Acute Occupational Therapy Spending in the National Comprehensive Care for Joint Replacement Program

Principal Investigator: Jun Li

Active Dates: 2021 – 2023

Funding Source: The American Occupational Therapy Foundation

Description:

Medicare’s Comprehensive Care for Joint Replacement (CJR) experiment tests whether bundled payment incentives can reduce spending and increase patient-centered and coordinated care for patients receiving joint replacement surgery. Acute occupational therapy, which focuses on meeting holistic patient needs across the care continuum, may be uniquely positioned to play an important role; yet no studies exists to provide evidence around its use and effectiveness in CJR. Using national Medicare data from 2014-2018 and a triple-differences approach, we will examine the effects of acute occupational therapy spending on quality and hospitals’ financial performance in the first three years of CJR (2016- 2018). This study contributes to a long-term objective to understand how policies affect care delivery for vulnerable adults.

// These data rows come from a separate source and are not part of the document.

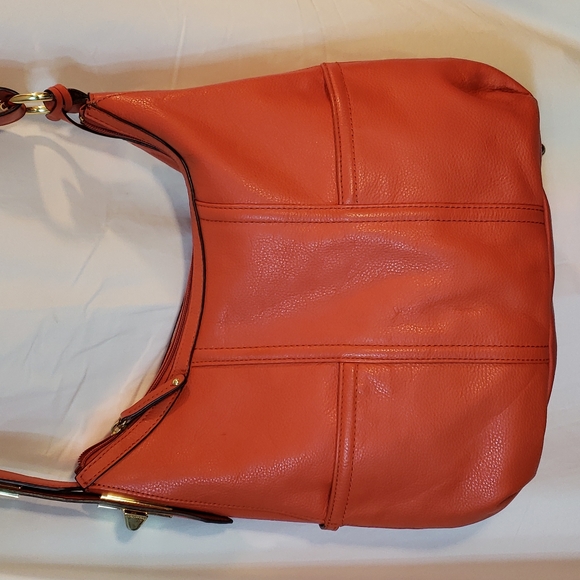 Orange leather Tignanello 12" X 9" purse with 18" adjustable strap (c1) - Picture 5 of 14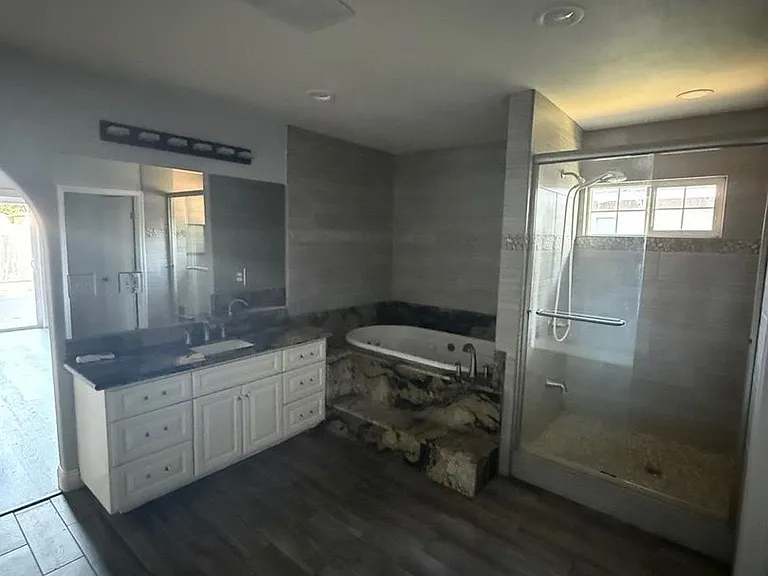 1436 Albany Ave — Photo 17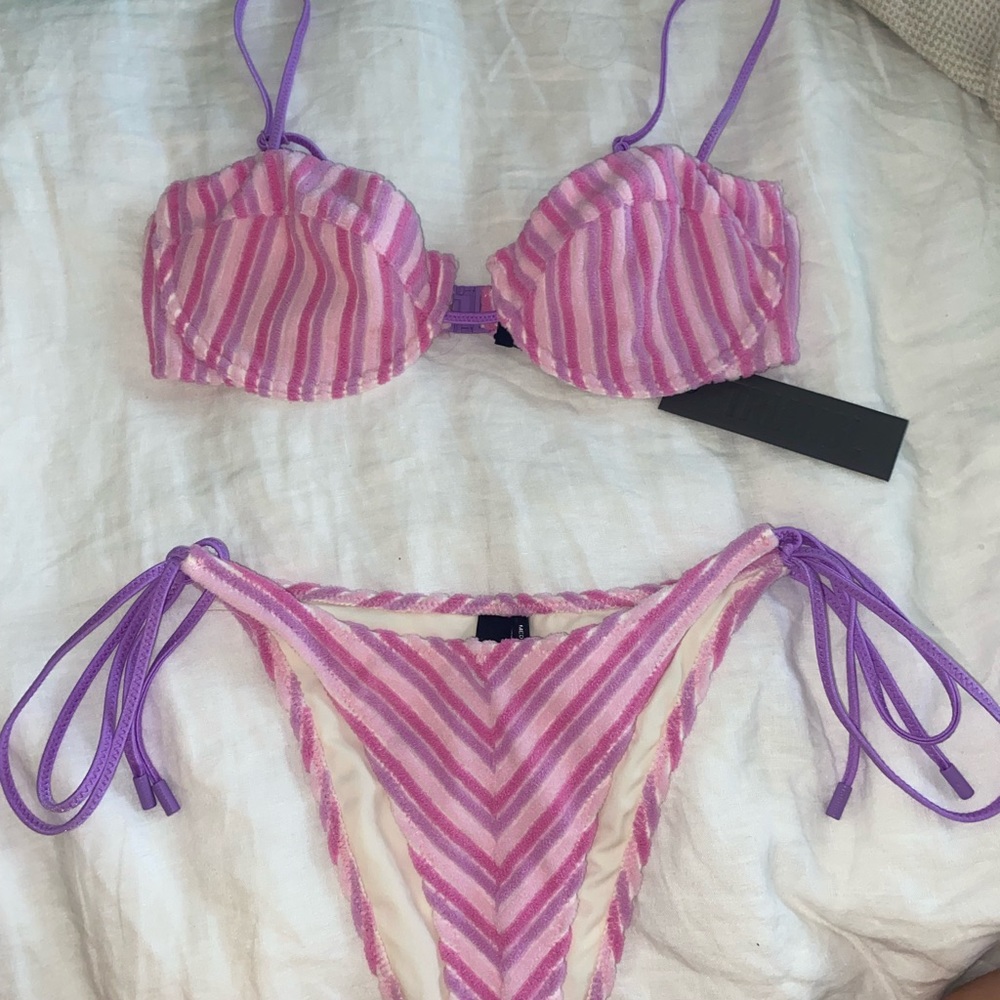 Triangl Swimsuit - Mala Lotus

We will analyze whether acute occupational therapy spending is associated with hospital readmissions, days patients spend alive and without use of health care services in the 90-days following hospital discharge, functional improvements among patients discharged to home health care, and hospital financial performance under CJR. This study will provide novel information to illuminate whether acute occupational therapy achieves better health outcomes, lower health care utilization, and greater functional cognition among elderly parents in CJR. It also provides the necessary groundwork for future funding.